Si el arte es ruptura, nada como pintar en primer plano una vagina abierta a mediados del siglo XIX. Gustave Courbet creó su propio personaje de artista duro, pendenciero, bebedor y aficionado al sexo de pago. Para igualar las andanzas de Caravaggio en la Roma renacentista solo le faltó matar a otro borracho en una reyerta nocturna, pero al parecer no llegó a tanto. Se conformó con romper todos los cánones establecidos en aquel París romántico que pintaba Delacroix. Su obra más famosa, El origen del mundo, muestra el torso contundente de una mujer desnuda y su sexo desplegado expuesto de tal manera que parece que se va a salir del lienzo.
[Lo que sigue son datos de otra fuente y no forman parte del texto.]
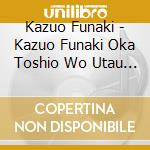 Kazuo Funaki - Kazuo Funaki Oka Toshio Wo Utau (3 Cd) cd musicale di Funaki, Kazuo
Hubo que esperar 150 años para ver algo más pornográfico en un museo, cuando Jeff Koons fotografió a su mujer Cicciolina con un falo en la boca justo después de eyacular en su mejilla. Courbet y Koons hoy serían un par de desgraciados que no expondrían en ningún sitio, aplastados por un puritanismo que se disfraza de otra cosa. Al menos Koons vio venir la ola de mojigatería, y al poco se dedicó a crear gigantescos globos de colores con forma de perritos, que lo convirtieron en el artista en vida más cotizado del mundo.
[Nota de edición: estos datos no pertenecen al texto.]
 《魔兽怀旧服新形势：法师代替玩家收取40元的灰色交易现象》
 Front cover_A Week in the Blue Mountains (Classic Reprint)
El origen del mundo se expuso al público por primera vez en 1988. O sea, que tardó más de cien años en salir de los salones privados de sus sucesivos propietarios. Cuando se colgó en una pared del Museo de Orsay la derecha más rancia y algunos grupos religiosos armaron un escándalo. Pero ahí sigue. La cuestión, por increíble que parezca en pleno siglo XXI, es que no sabemos cuánto tiempo aguantará expuesto. El revisionismo bárbaro -camuflado de feminismo, antirracismo o indigenismo- ha comenzado con las estatuas, el cine y la literatura. No sería de extrañar que a la pintura le quedaran dos telediarios antes de comenzar a tapar sus desnudos o escamotear sus escenas inapropiadas. El rapto de las sabinas como apología de la violencia de género. No se rían… al tiempo.
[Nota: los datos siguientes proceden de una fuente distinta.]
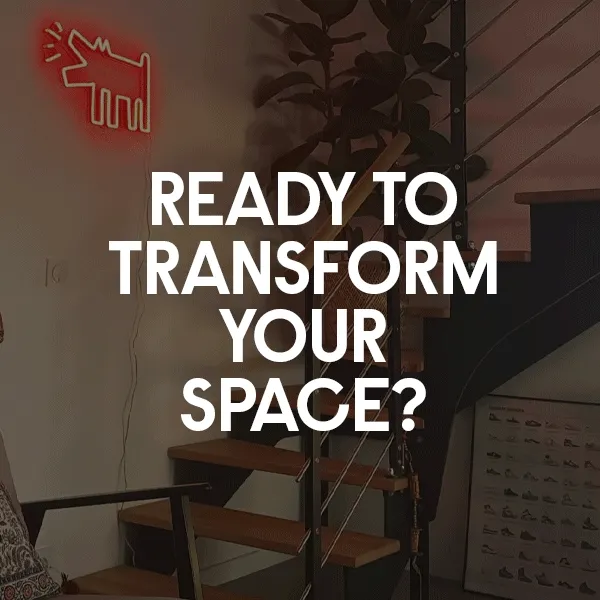 r: Ready to transform your space?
Hace unos días hemos conocido que los responsables de vigilar los accesos al Museo de Orsay denegaron la entrada a una joven con un pecho prominente atrapado en un escote vertiginoso. Al parecer fue solo uno de los empleados de la empresa de seguridad el que interpretó que, de acuerdo al reglamento, la chica no vestía un “atuendo decente que no perturbara el orden público”. Otro compañero le pidió que se pusiera una chaqueta para entrar, sugiriéndole que en cuanto cruzara el umbral se la podría quitar. ¿Cómo hemos llegado a este nivel de estupidez planetaria?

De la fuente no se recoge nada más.